2. The connector assembly of claim 1, wherein the aperture at least partially receives a flexible tab of the first connector body.

3. The connector assembly of claim 2, wherein the flexible tab includes a ramped surface and a stop surface, wherein a portion of the ramped surface and a portion of the stop surface are received in the aperture, and wherein the stop surface interferes with the surface defining the aperture to restrict removal of the terminal splitter from the first and second connector bodies.

4. The connector assembly of claim 3, wherein the terminal splitter is a metallic member.

5. An electrical assembly comprising:

a first electrical component including first and second wires;

a second electrical component including third and fourth wires;

a third electrical component including fifth and sixth wires; and

a connector assembly including a first connector body, a second connector body configured to matingly engage the first connector body, and first and second terminal splitters received in at least one of the first and second connector bodies, each of the first and second terminal splitters including a body portion and a blade portion extending from the body portion, the body portion of the first terminal splitter having the first and third wires electrically connected thereto, the blade portion of the first terminal splitter having the fifth wire electrically connected thereto, the body portion of the second terminal splitter having the second and fourth wires electrically connected thereto, the blade portion of the second terminal splitter having the sixth wire electrically connected thereto,

wherein the body portion of the first terminal splitter and the blade portion of the first terminal splitter cooperate to form a first flat unitary body,

wherein the body portion of the second terminal splitter and the blade portion of the second terminal splitter cooperate to form a second flat unitary body,

wherein a width of the body portion of the first terminal splitter is at least two times greater than a width of the blade portion of the first terminal splitter, and

wherein a width of the body portion of the second terminal splitter is at least two times greater than a width of the blade portion of the second terminal splitter.
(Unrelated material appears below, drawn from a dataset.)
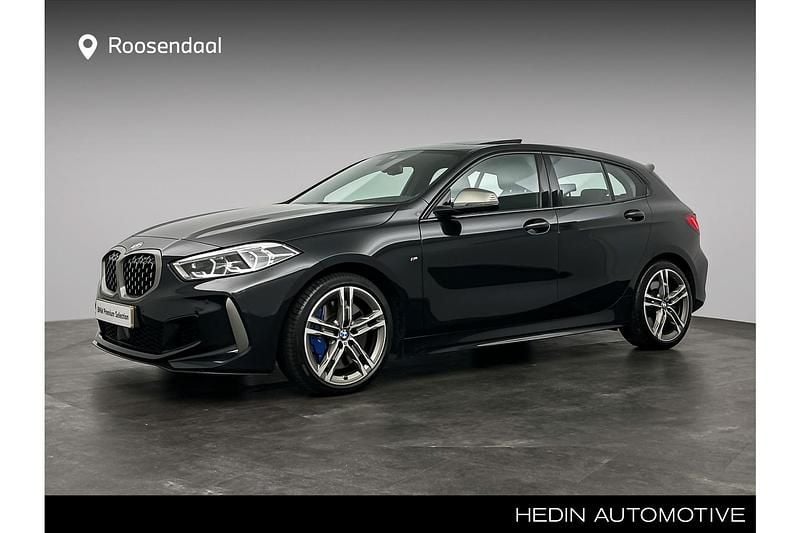 Saphirschwarz metallic (zwart metallic) Gebruikt 2024 BMW M135 Comfort Edition Hatchback | € 51.880 (Eerlijke prijs) - Afbeelding 1/4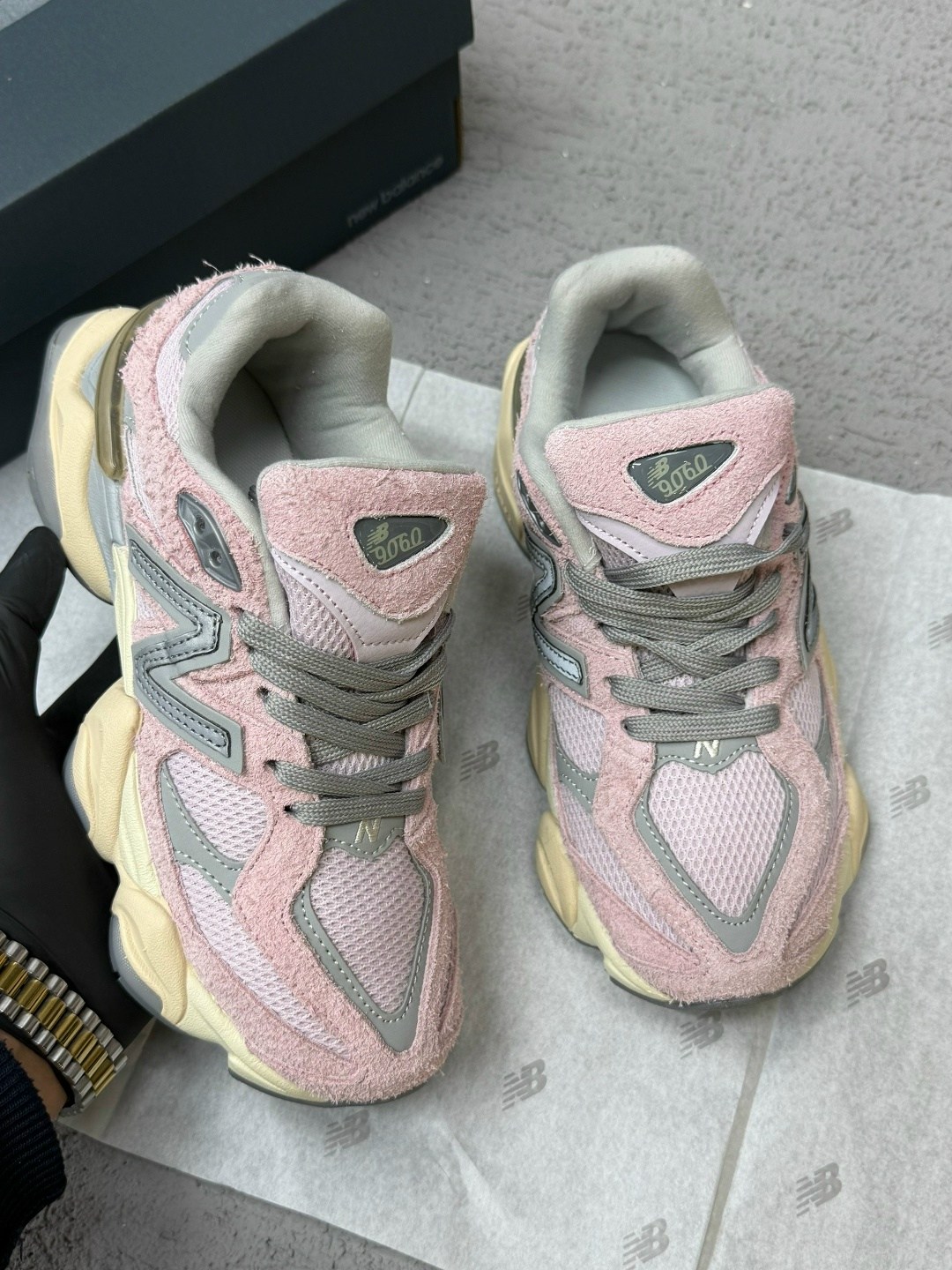 кроссовки new balance 9060,кроссовки new balance,женские кроссовки,кроссовки женские new balance,оригинальные кроссовки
6. The electrical assembly of claim 5, wherein a current amperage flowing through the first and second wires is equal to a sum of a first current amperage flowing through the third and fourth wires and a second current amperage flowing through the fifth and sixth wires.
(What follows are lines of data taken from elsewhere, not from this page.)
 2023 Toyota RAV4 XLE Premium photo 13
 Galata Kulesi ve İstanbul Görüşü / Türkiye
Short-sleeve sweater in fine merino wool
7. The electrical assembly of claim 5, wherein the body portion includes an aperture that at least partially receives a flexible tab of the first connector body.
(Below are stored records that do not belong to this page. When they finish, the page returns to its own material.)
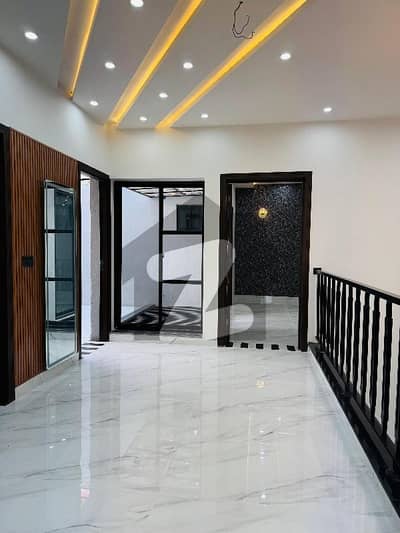 commercial palza available for rent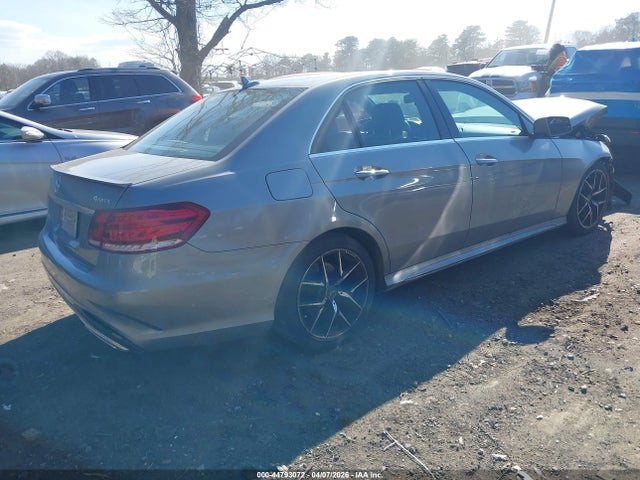 2015 MERCEDES-BENZ E 350 WDDHF8JB4FB140796 Photo 3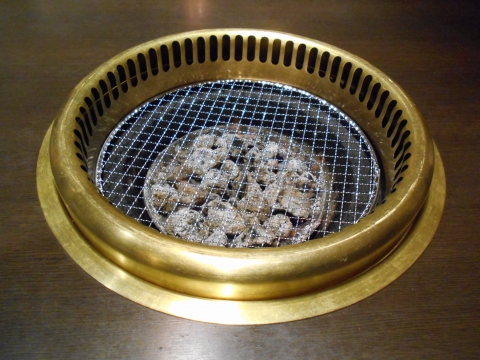 都営大江戸線の光が丘駅と練馬春日町駅を最寄駅とする東京都練馬区高松4丁目にある焼肉店かるび家光が丘店の炭火でない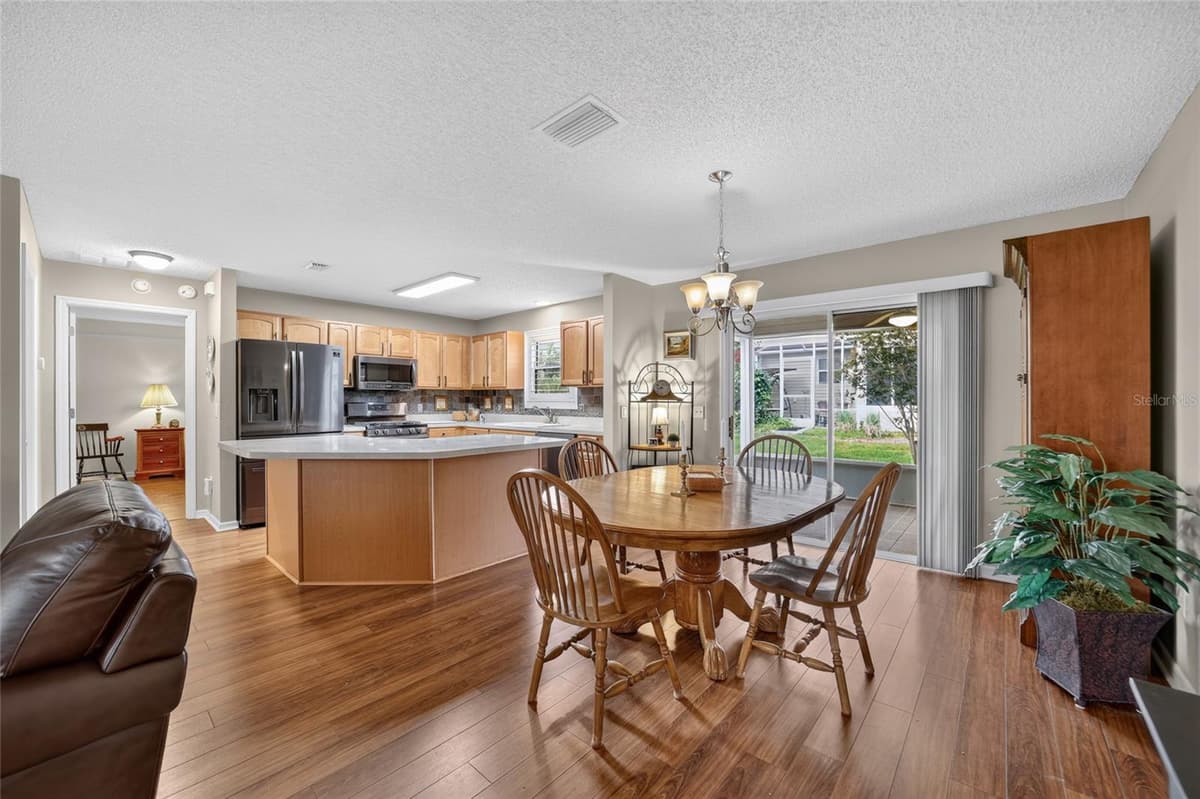 2240 LOWRY ROAD — photo 6 of 33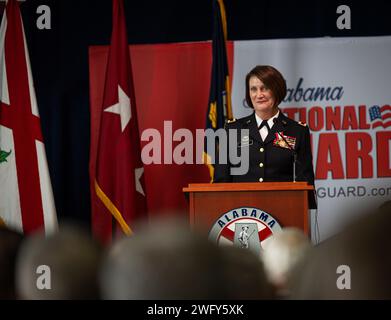 Il maggiore generale Sheryl Gordon, generale aggiunto della Guardia Nazionale dell'Alabama in uscita dà il benvenuto a Brig. Generale David Pritchett nella sua nuova posizione come aiutante generale della Guardia Nazionale dell'Alabama a Montgomery, Ala. Il 5 gennaio 2024. (Guardia Nazionale dell'Alabama Foto Stock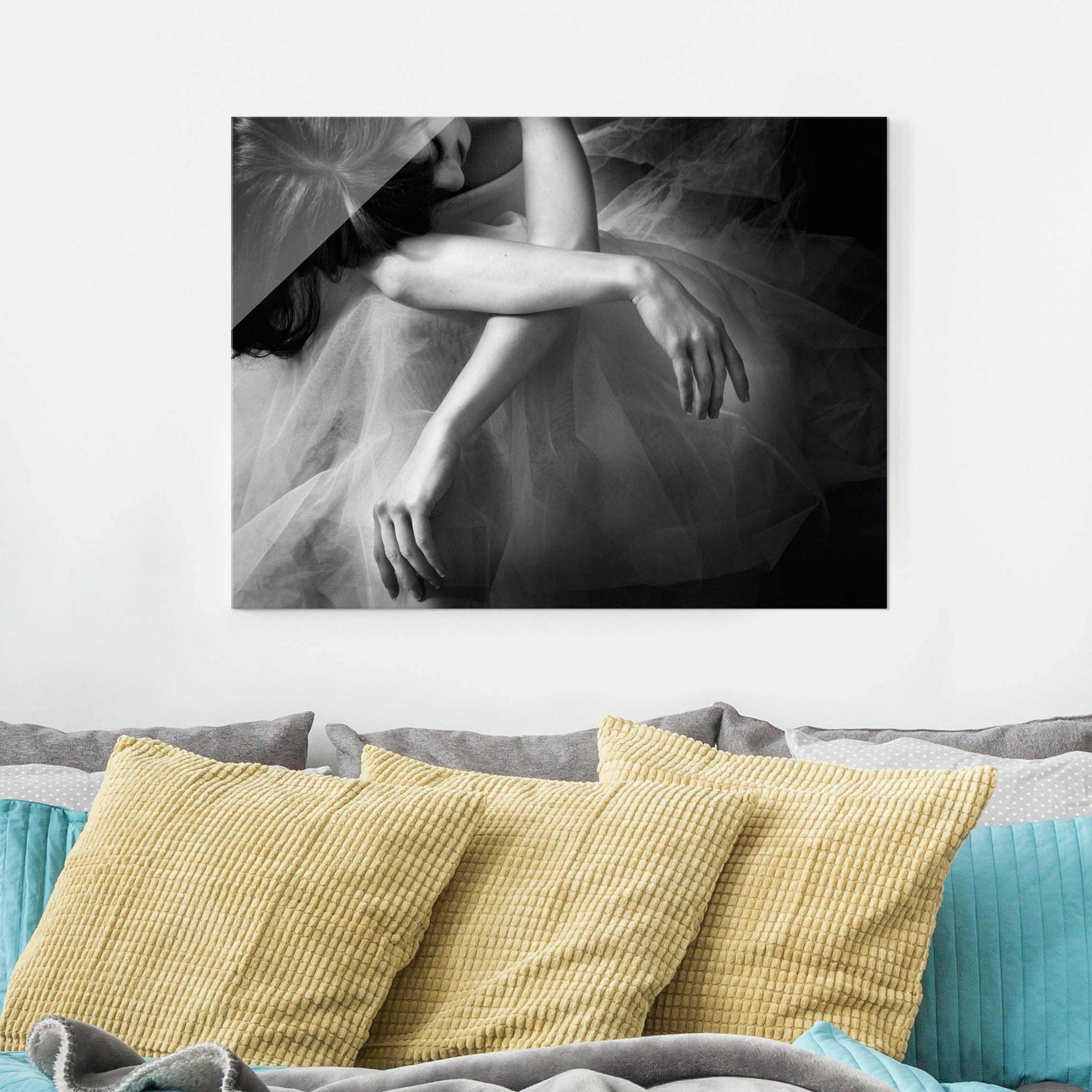 Glasbild Schwarz-Weiß Die Hände einer Ballerina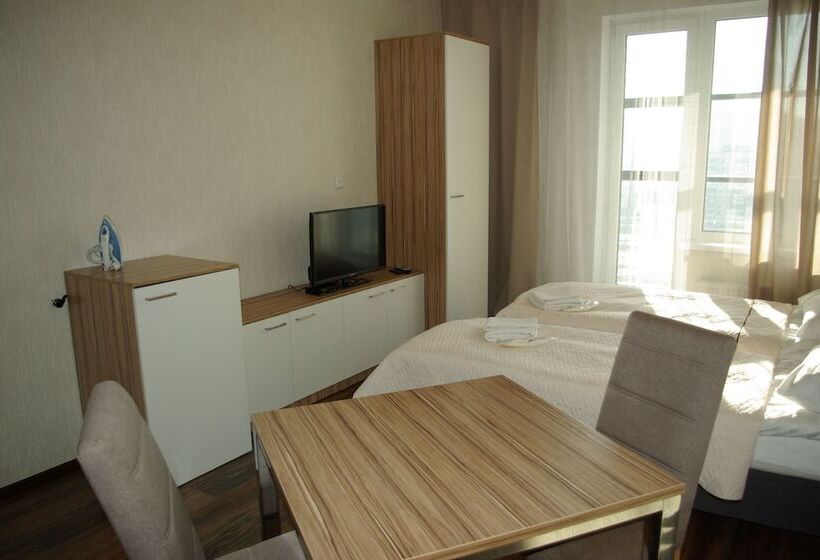 استودیوی استاندارد, Cosmos Apart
8. The electrical assembly of claim 7, wherein the flexible tab includes a ramped surface and a stop surface, wherein a portion of the ramped surface and a portion of the stop surface are received in the aperture, and wherein the stop surface interferes with a surface defining the aperture to restrict removal of the terminal splitters from the first and second connector bodies.

9. The electrical assembly of claim 7, wherein a longitudinal axis of the blade portion extends through the aperture.

10. The electrical assembly of claim 9, wherein the surface of the aperture with which the stop surface interferes is a flat surface extending perpendicular to the longitudinal axis of the blade portion.

11. The electrical assembly of claim 5, wherein the terminal splitters are metallic members.

12. The electrical assembly of claim 5, wherein the blade portion includes a tapered distal end.

13. The electrical assembly of claim 5, wherein the third wire includes a female receptacle that receives the blade portion.